Tragically, a 14 year old girl, Alianna DeFreeze, was murdered in Cleveland after being abducted on the way to her charter school. She was thought to have been abducted while switching from the first public transportation bus to the second public transportation required to get to her charter school. Despite her absence from school, there was no notification from the school to her parents informing them of their child’s absence until 4:15 in the afternoon, when her mother called the school to inquire on a meeting. According to the charter school administrators, the school system’s notification system “wasn’t working that day.” If you know the system was not working, why not pick up the phone yourself and make the call?
The incident has prompted a state lawmaker review of absentee notifications for schools, and ultimately, Senate Bill 82, nicknamed “Alianna Alert,” was introduced.
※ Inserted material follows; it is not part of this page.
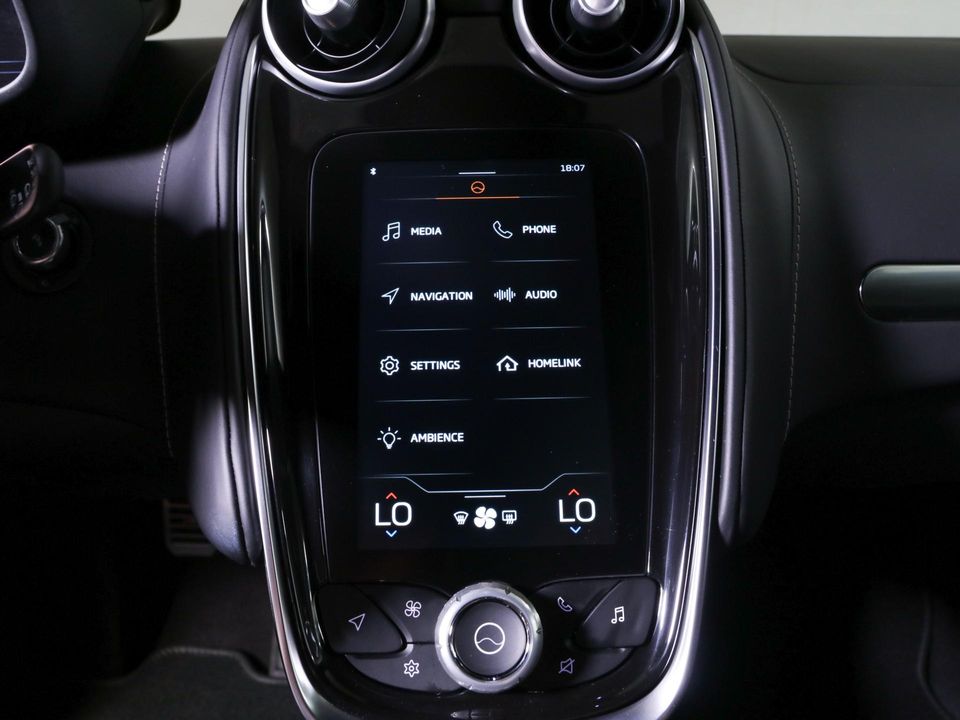 2025 McLaren GTS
If passed, the bill would place a requirement on schools to notify parents within 60 minutes of learning that a student expected to be at school did not arrive.
Of course, there was some concern over not being able to comply with the 60 minute window, which was voiced by State Senator Gayle Manning; however, State Senator Sandra Williams highlighted two school corporations who already have effective procedures in place to notify individuals of the absence within 10 and 30 minutes, respectively.
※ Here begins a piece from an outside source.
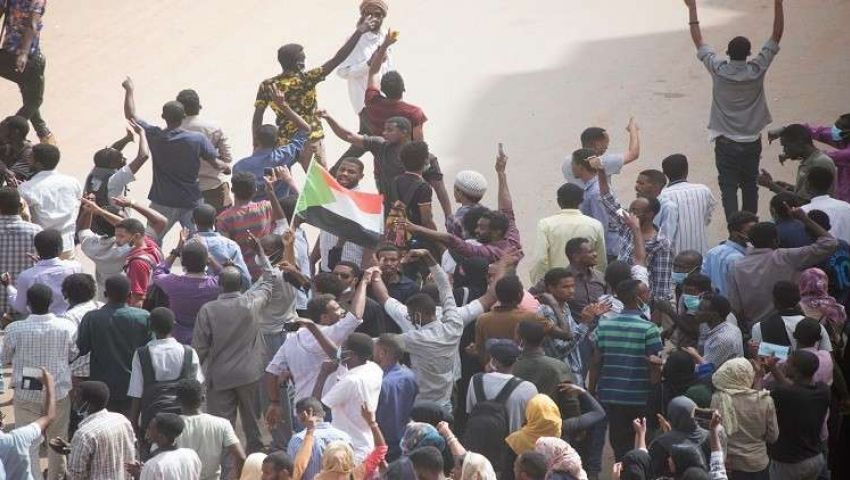 مع توحد المعارضة السودانية ضد البشير.. هل اقترب تحقيق الحلم؟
While the prompt notification of an unexplained absence to parents or guardians is necessary (and should have already been required), the larger issue is the transportation requirements for Ohio schools. A prompt notification of a student’s absence would have increased the probability of locating Alianna prior to her tragic murder, but she still would have been in the same dangerous situation (i.e already abducted due to the transportation situation) with regards to her daily commute to school.
Per Ohio Law, schools are only required to provide transportation to students who are registered in kindergarten through eighth grade, and there lies the biggest problem. Like most states, Ohio doesn’t grant a probationary driver’s license until the age of 16, which typically puts a student in grade 10 before they can drive without an adult, but the school corporations can halt transportation at grade 8, which is typically age 13 or 14. The result? Students may be forced to utilize public transportation, which obviously is not the safest means of transportation for an unaccompanied 13 or 14 year old. And there lies the problem with the “Alianna Alert” bill. Certainly, changes need to be made, and the required notifications of absences purposed by the bill is great step. But the main part of the risk, the method of transportation, will still continue to be an issue.